Third : The devise over to the children of Ish and Cassell, in equal shares, is adverted to, as giving character to the limitation to the heirs of Christian. It is urged, that since the testator has manifested his intention to give the estate to his sisters’ children, in the event of a want of heirs of Christian’s body, it implies a corresponding intention of selecting Christian’s children as the object of his bounty, and that the phrase “ heirs of his body ” is used by him to designate them as persons, and not to define their ancestor’s estate. If the phrase used were children, instead of heirs, and the terms of limitation had been to A for life, remainder to his children and their heirs, and in default of A’s issue, a limitation over, the children of A would take a contingent remainder, as purchasers, and if the contingency of the last limitation were not too remote, the objects of the last limitation would take a second contingent remainder. Goodright v. Dunham, Doug. 264. But a devise to A for life, and “ if he die without issue,” or without leaving Issue,” or, in default of issue,” then over, has been repeatedly held to be controlled by the Shelley rule, and the estate of A would be not for life, but of inheritance. Sylvester v. Wilson, 2 Term R. 444. Earth v. Baldwin, 2 Ves., jun., 646. *Doe v. Smith, [473 7 Term R. 531. Bennett v. Earl of Tankerville, 19 Ves., jun., 170.

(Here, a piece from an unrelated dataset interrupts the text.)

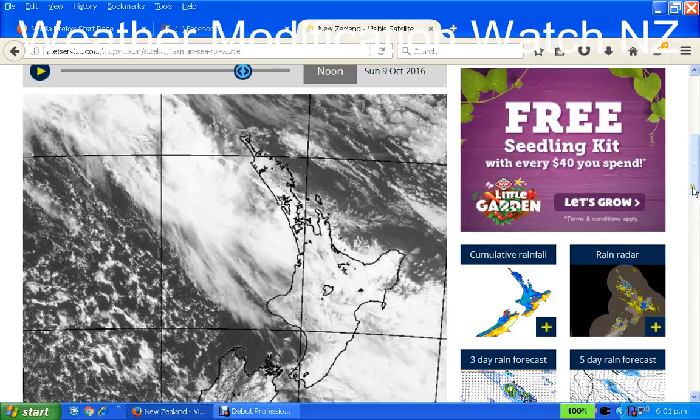Anyway, that is my observations for what it's worth. Thanks very much for listening. This is Nigel, Weather Modification Watch New Zealand, checking out.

Fourth: The expressed intention of the testator, that if Christian die without heirs of his body, the estate shall then vest in his sisters’ children, does not exempt the devise from the operation of the rule, or render Christian’s estate for life only. In Doe v. Goldsmith, 7 Taunt. 209, where the terms of limitation were ‘to A for life, and to the heirs of his body, in such shares as he shall appoint, and in default of such heirs of his body, then, from and immediately after his decease,” over, the estate of A was adjudged an estate-tail.

Fifth : We are not able to infer any modification of the rule, from the change of tenure, which our statute of entailments has made. Swan’s Stat. 319. The statute prescribes the manner of holding, not [474]*474the rule of transmitting, lands, and, in our opinion, offers no means to explain the donor’s intention.

The objections, therefore, to the application of the Shelley rule, appear to us to be overruled, chiefly by positive decisions ; and those terms of the will which give the property to Christian, and to the heirs of his body, create in him an estate-tail. In expressing this result, I am laying out of view, for the present, those expressions in the will which are relied upon to enlarge Christian’s estate to a fee si mple. The consequence of this opinion, upon the land, is to vest in the heirs of Christian’s body, on his death, an absolute fee, by the operation of our statute of entailments. But the will gives to Christian the entire property of the personalty; for estates-tail exist in lands only, (Blk. Com. 398) and the property can not pass by way of remainder, for the same words of the same sentence of the same bequest, conveying property of both classes, will not receive different meanings from the court. Attorney General v. Hall, Fitzgibbon, 314. The application, therefore, of William and Flora King, to obtain a transfer of the bank stock, will not be sustained.

To determine the right of the administrator to sell the land for debts, it becomes necessary to examine the nature of Christian King’s 474] interest yet further.